Instructions to follow:
Each entry below is to be reproduced exactly, though any pictures it holds must be omitted.

Dataset content:
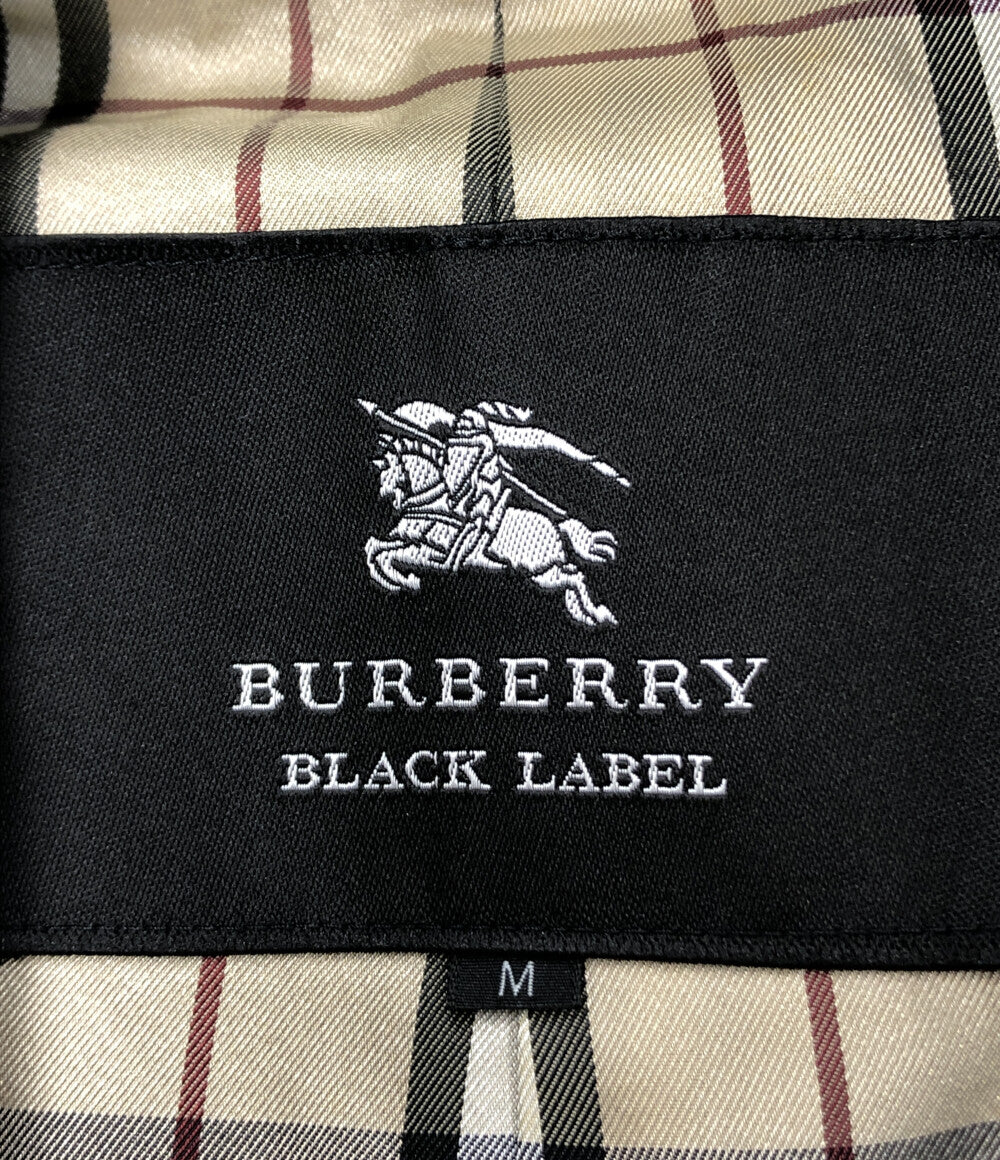 バーバリーブラックレーベル  トレンチコート      メンズ SIZE M (M) BURBERRY BLACK LABEL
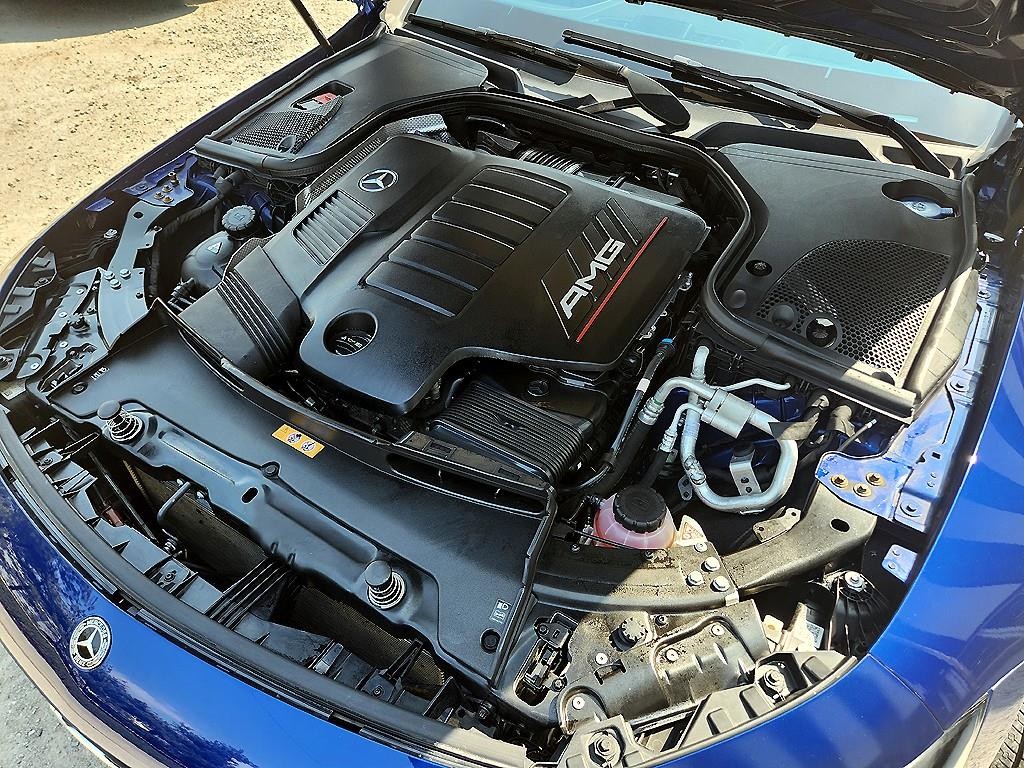 벤츠 AMG GT 4도어 43 4MATIC+ 이미지 20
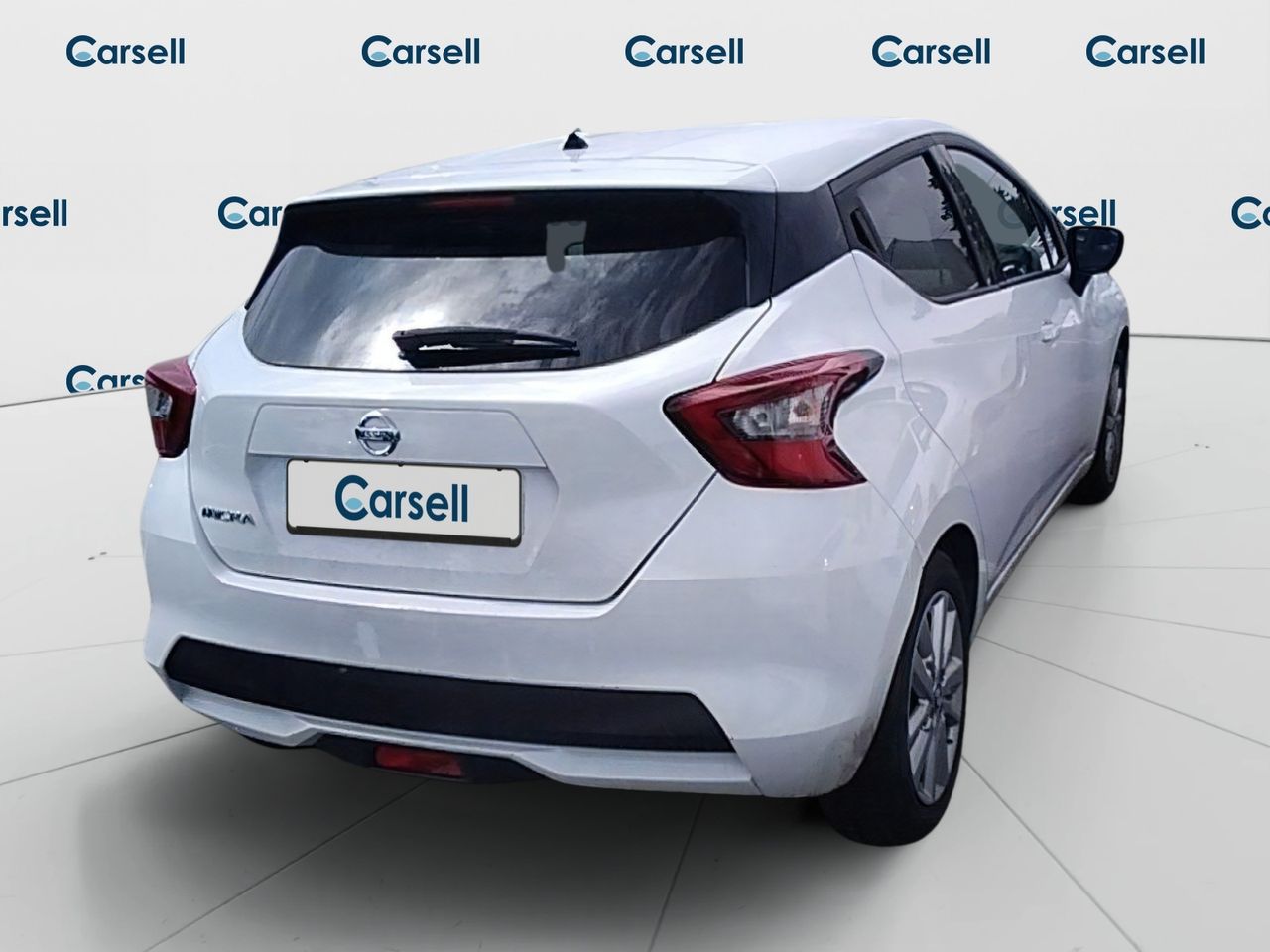 Nissan Micra Ig-t 74 Kw (100 Cv) E6d Acenta - Foto 2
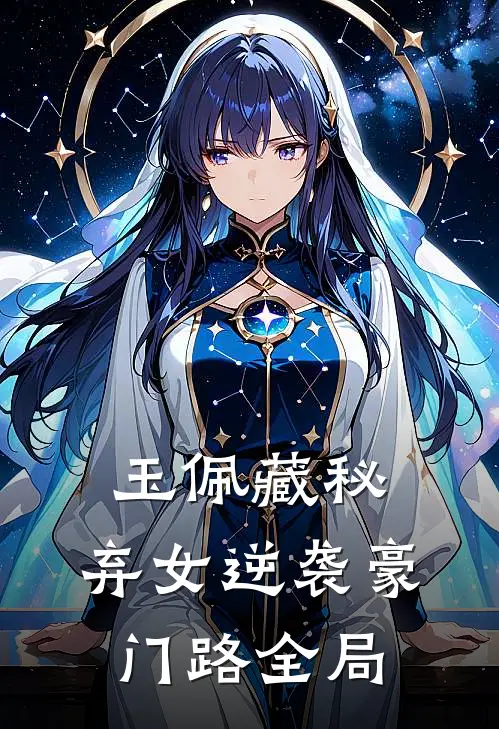 玉佩藏秘：弃女逆袭豪门路全局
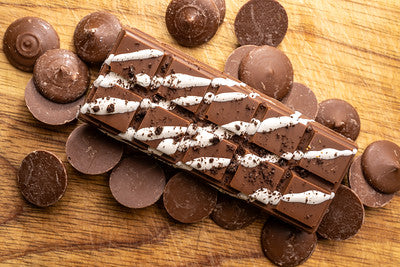 Dubai Bar – Cookies & Cream (24 Count Cases)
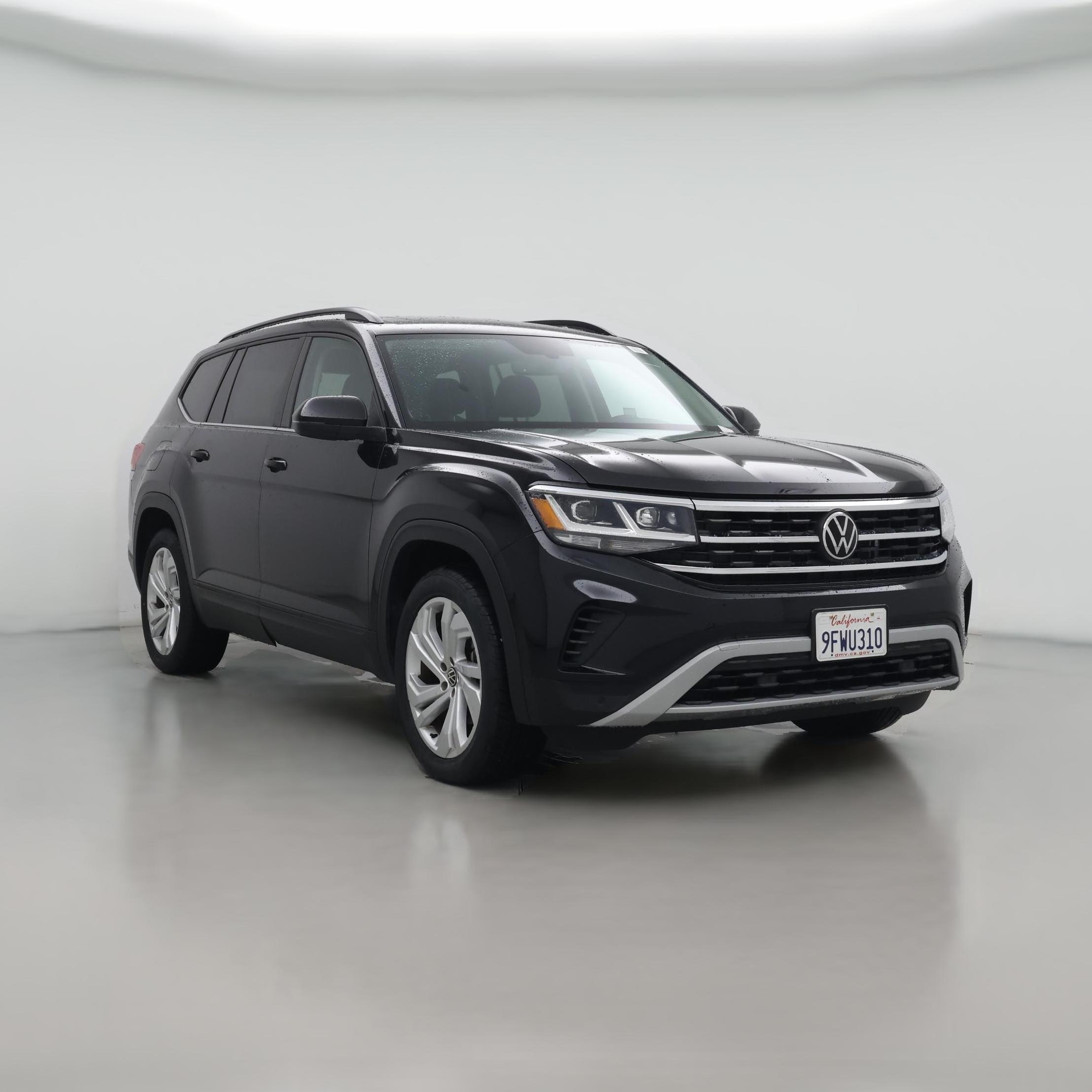 Thumbnail: 2023 Volkswagen Atlas - 1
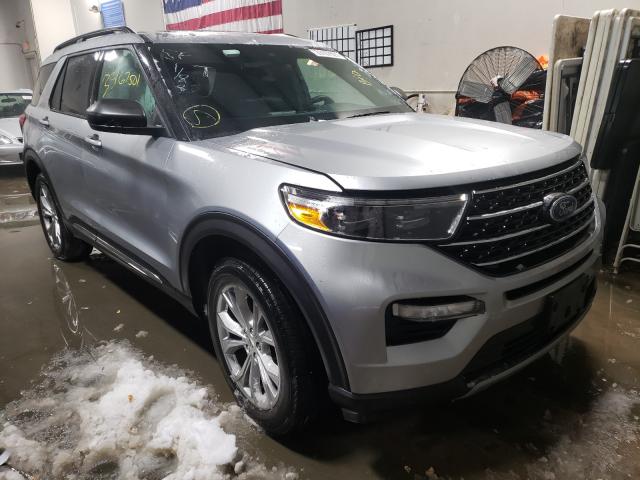 FORD EXPLORER X 2020 1fmsk8dh0lga59641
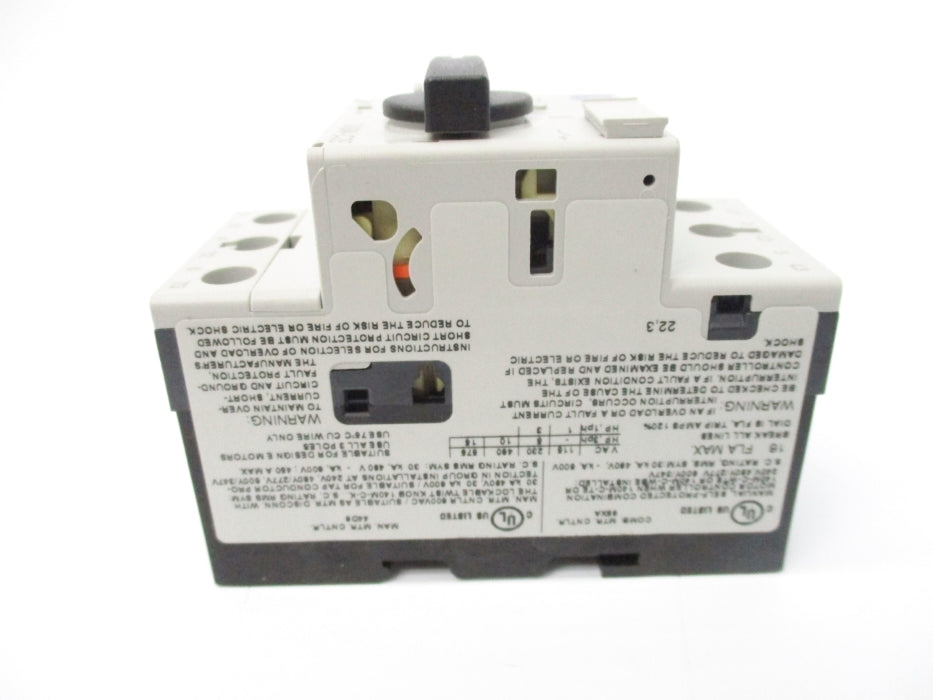 ALLEN BRADLEY 140M-C2E-C16 SER. B NSNP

Result for this exercise:
 バーバリーブラックレーベル  トレンチコート      メンズ SIZE M (M) BURBERRY BLACK LABEL
 벤츠 AMG GT 4도어 43 4MATIC+ 이미지 20
 Nissan Micra Ig-t 74 Kw (100 Cv) E6d Acenta - Foto 2
 玉佩藏秘：弃女逆袭豪门路全局
 Dubai Bar – Cookies & Cream (24 Count Cases)
 Thumbnail: 2023 Volkswagen Atlas - 1
 FORD EXPLORER X 2020 1fmsk8dh0lga59641
 ALLEN BRADLEY 140M-C2E-C16 SER. B NSNP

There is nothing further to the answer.